Regional Justice Center - Crime and Punishment
Fresh outta quarantine, Seattle-based powerviolence collective Regional Justice Center offer their sophomore album Crime And Punishment in the form of ten haymakers straight to the listeners eardrum. At just over thirteen minutes in length, the sample on the opening track “Taught to Steal” is about the only respite given before descending into violent mayhem. From it’s rolling snare intro, vocalist/drummer/primary-songwriter Ian Shelton belts out general sermons of social inequities, powered by a blisteringly well-polished band throughout the remainder of the album. Sounding like a less-manic JR Hayes of Pig Destroyer fame, Shelton’s dual duties as drummer and vocalist isn’t necessarily unique to powerviolence (Iron Lung have been doing that since the early aughts) but it does present an interesting dynamic that can get lost in the ferocity of the record.

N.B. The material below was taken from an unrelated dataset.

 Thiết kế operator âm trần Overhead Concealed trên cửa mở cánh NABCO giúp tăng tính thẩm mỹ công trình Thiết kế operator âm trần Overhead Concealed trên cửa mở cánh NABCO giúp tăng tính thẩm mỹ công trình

Tracks like “Dust Off”, “Absence”, “Sickness on Display” and “Solvent” bring to mind flashes of Mind Eraser, with staccato machine gun-esque blast beats interspersed between crushing sludge riffs. Separated between these types of frenzied tracks are pit anthems in “Inhuman Joy”, “Concrete” and “Violent Crime”, with “Inhuman Joy” in particular showcasing Shelton’s impressive vocal talent. The bridge/breakdown to “Concrete” is the front-runner for slam dance anthem of the year.
Tightly packaged and presented with remarkably clean production from Taylor Young (ex-Nails), and mastered by Brad Boatright of Audiosiege, Crime And Punishment doesn’t necessarily trailblaze in an already well-tread genre so much as it continues to show life still exists in it. Outside of the deepest depths of Painkiller or Deep Six Records, this style of powerviolence is not something you hear often. And it’s fiery hot pace doesn’t do it any favors, as it’s short album length will most likely serve as an appetizer instead of a full-course. However, standout tracks like “Dust Off”, “Inhuman Joy” and “Concrete” keeps the album fresh. Content more on paying homage to bands of a bygone era, Regional Justice Center keep the torch of powerviolence lit for a generation that may have otherwise skipped this style of music.